DATASET EXCERPT:
::::
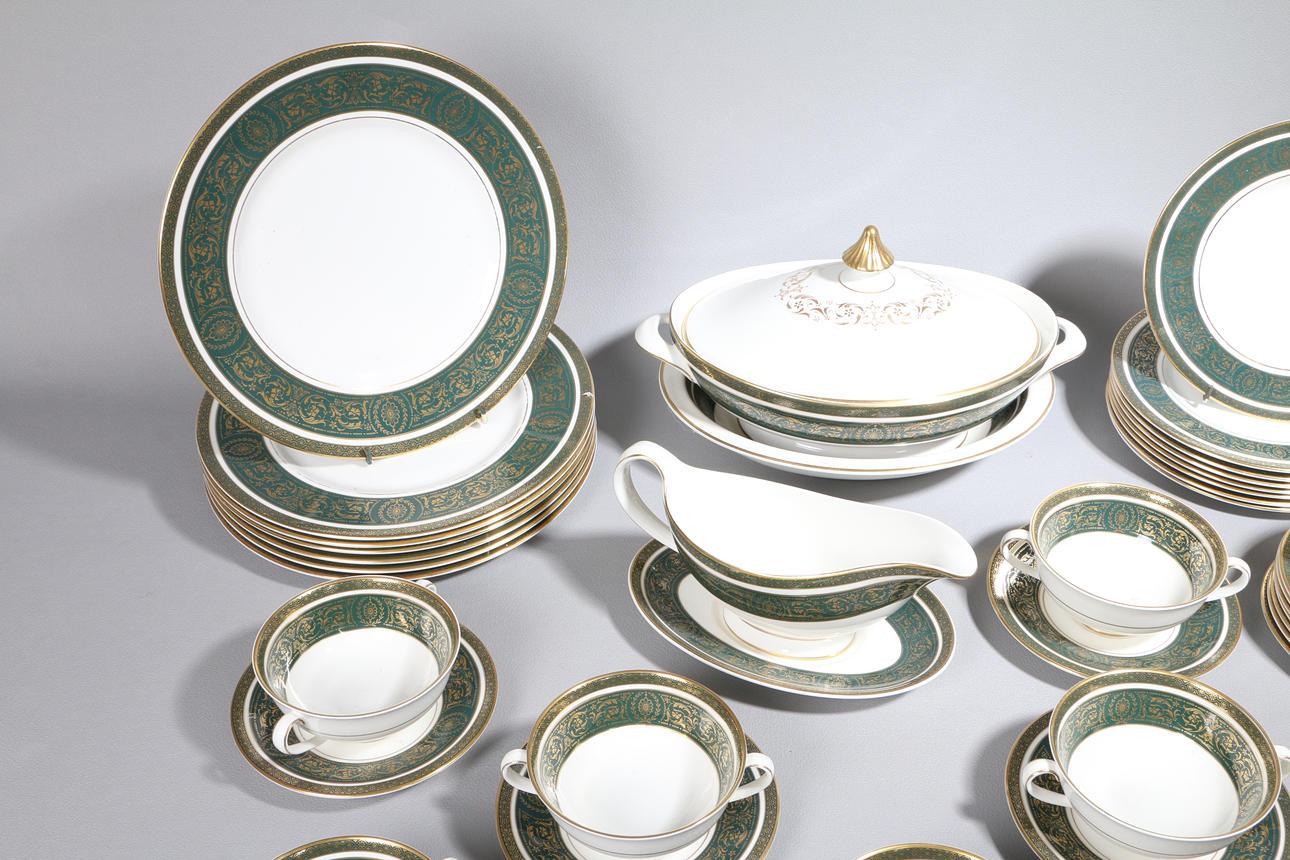 Late Victorian China Set of Antique Royal Doulton Vanborough Porcelian Dinner Ware Plates 1970s For Sale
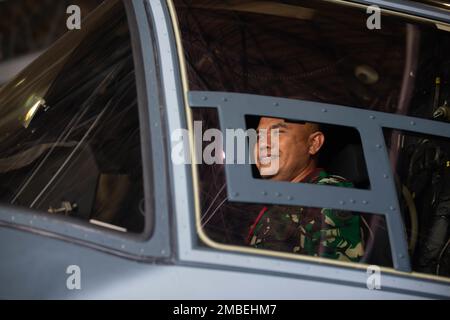 Corpo marino indonesiano Briga. Il generale Rudy Sulistyanto, comandante della forza marina indonesiana del 3rd, siede in una V-22 Osprey durante una dimostrazione di capacità come parte del Pacific Amphibious Leaders Symposium, Camp Kisarazu, Giappone, 16 giugno 2022. Questa iterazione di PALS ha riunito i leader senior dei militanti alleati e partner per discutere della disponibilità della forza anfibia, delle operazioni di base avanzate e di spedizione, delle capacità della forza intermedia e dei modi per migliorare l'interoperabilità tra i partner all'interno della regione indomPacifico. In totale 18 delegazioni partecipanti provenienti da Asia, Australia, EUR Foto Stock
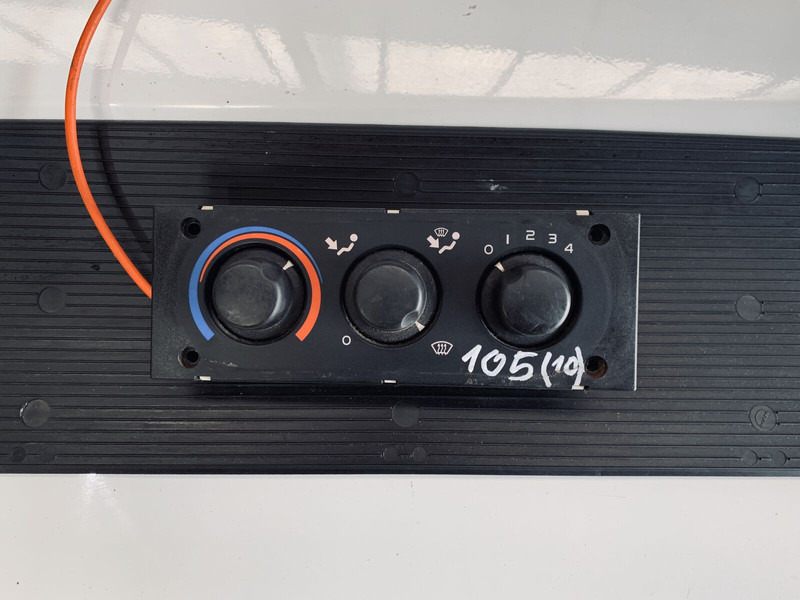 DAF XF 105 - Приборная панель: фото 1 DAF XF 105 - Приборная панель: фото 1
::::
Everything from the line containing "Corpo marino indonesiano" through the end of the data should be printed exactly, line for line, except the pictures.

 Corpo marino indonesiano Briga. Il generale Rudy Sulistyanto, comandante della forza marina indonesiana del 3rd, siede in una V-22 Osprey durante una dimostrazione di capacità come parte del Pacific Amphibious Leaders Symposium, Camp Kisarazu, Giappone, 16 giugno 2022. Questa iterazione di PALS ha riunito i leader senior dei militanti alleati e partner per discutere della disponibilità della forza anfibia, delle operazioni di base avanzate e di spedizione, delle capacità della forza intermedia e dei modi per migliorare l'interoperabilità tra i partner all'interno della regione indomPacifico. In totale 18 delegazioni partecipanti provenienti da Asia, Australia, EUR Foto Stock
 DAF XF 105 - Приборная панель: фото 1 DAF XF 105 - Приборная панель: фото 1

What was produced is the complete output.